A defined contribution plan is a post-employmentbenefit plan under which the Company pays specified contributions to a separate entity. The Company makes specified monthly contribution towards Provident Fund and pension scheme. The Company’s contribution is recognized as an expense in the Profit and Loss Statement during the period in which the employee renders the related service.

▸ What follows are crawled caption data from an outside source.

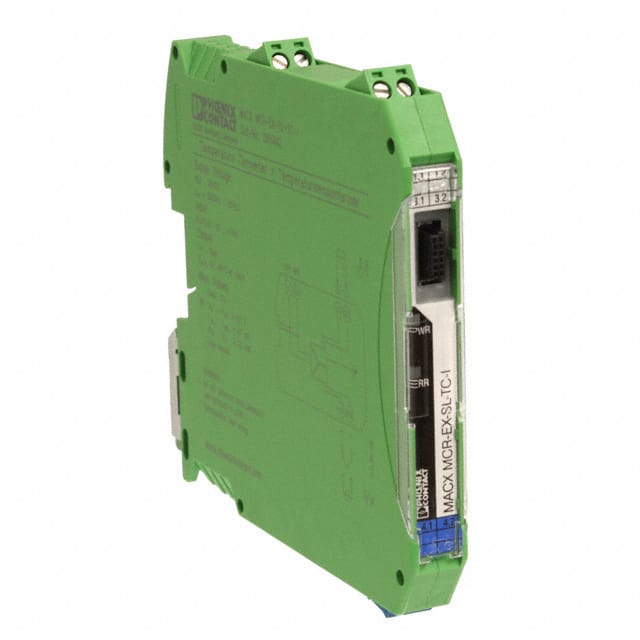 2865586 ISOLATED AMP 2 CHAN DIN RAIL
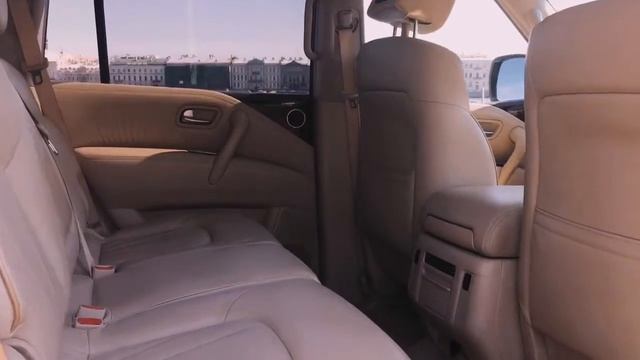 Infiniti QX 80 Larte смотреть онлайн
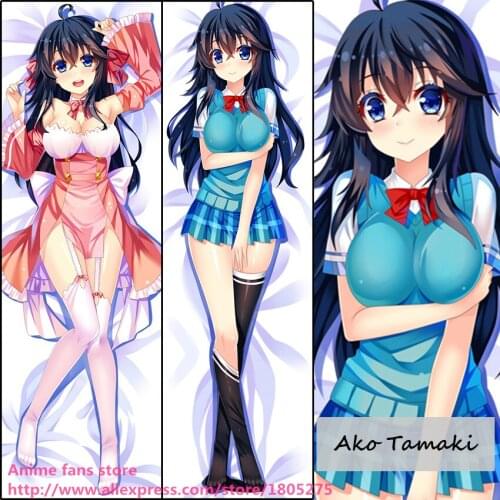 Anime And You Thought There Is Never A Girl Online Ako Tamaki Japanese Pillowcase Pillow Case Cover decorative Hugging Body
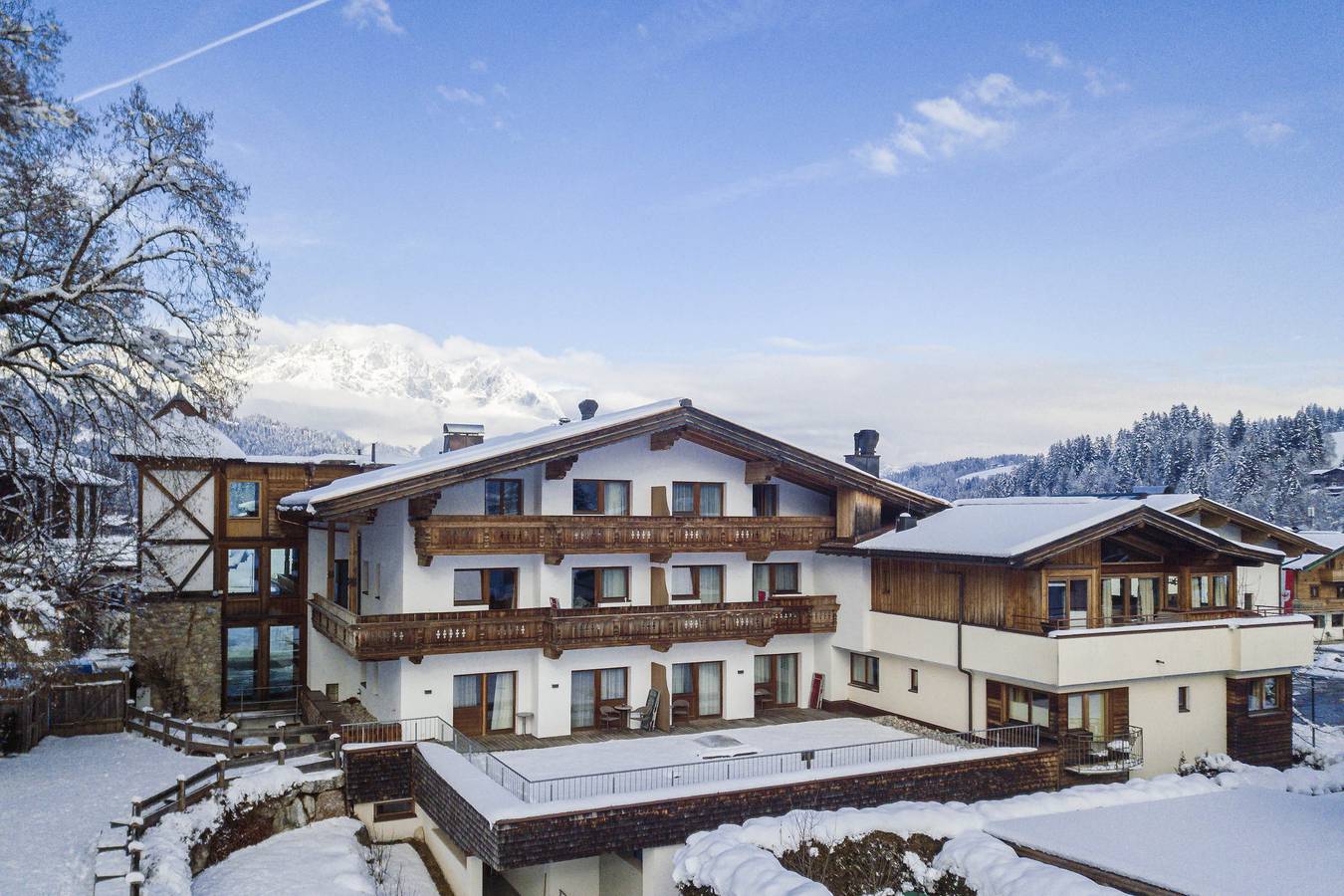 Ganze Wohnung, Ferienwohnung mit 2 Schlafzimmern für 5 Personen in Reith bei Kitzbühel, Kitzbüheler Alpen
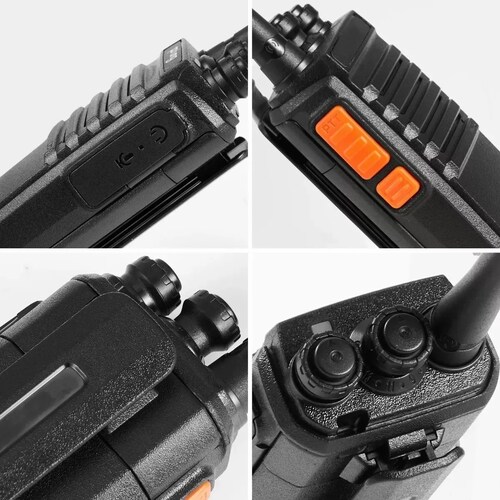 Pack 2 Radios Walkie Talkie Recargable, Con Manos Libres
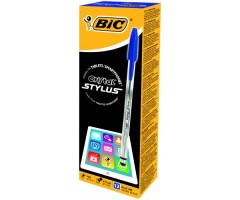 BIC Tušinukas CRISTAL STYLUS mėlynas, 12 vnt 379763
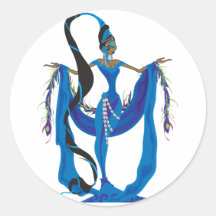 Autocollants de Yemaya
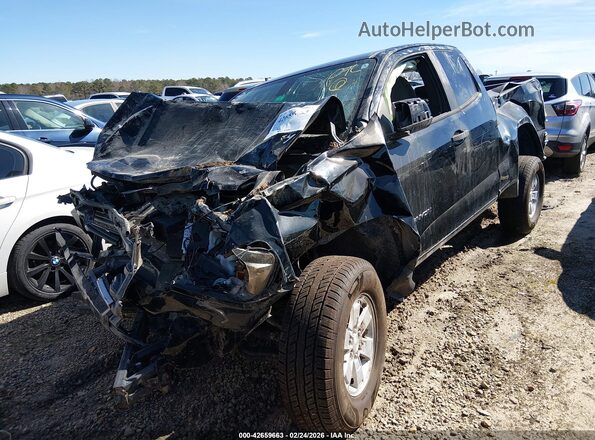 1GTH5BEAXL1206832 2020 GMC CANYON Черный Передняя левая четверть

b) Defined benefit plans Gratuity

Benefits payable to eligible employees of the Company with respect to gratuity, a defined benefit plan is accounted for on the basis of an actuarial valuation as at the balance sheet date. In accordance with the Payment of Gratuity Act, 1972, the plan provides for lump sum payments to vested employees upon retirement, death while in service or upon termination of employment in an amount equivalent to 15 days salary for each completed year of service. Vesting occurs upon completion of five years of service. The company contributes premium towards gratuity liability arrived by actuarial valuation performed by an independent actuary.

Acturial Valuation

The actuarial valuation method used for measuring the liability either Gratuity or Compensated absence is the Projected Unit Credit method. The estimate of future salary increases considered takes into account the inflation, seniority, promotion and other relevant factors. The expected rate of return on plan assets is the Company’s expectation of the average long term rate of return expected on investments of the fund during the estimated term of the obligations. Actuarial gain/losses are recognized in the Statement of Profit and Loss in the year they are determined.

2.13 Borrowing costs

Borrowing costs include exchange difference arising from foreign currency borrowings to the extent they are regarded as an adjustment to the interest cost. Borrowing costs that are attributable to the acquisition or construction of a qualifying asset are capitalized as part of the cost of such assets. A qualifying asset is one that necessarily takes substantial period of time to get ready for intended use. All other borrowing costs are recognised as an expense in the period in which they are incurred. Capitalisation of borrowing costs is suspended during the extended period in which active development is interrupted. Capitalisation of borrowing costs is ceased when substantially all the activities necessary to prepare the qualifying asset for its intended use or sale are complete. Other borrowing costs are charged to statement of profit and loss as and when incurred.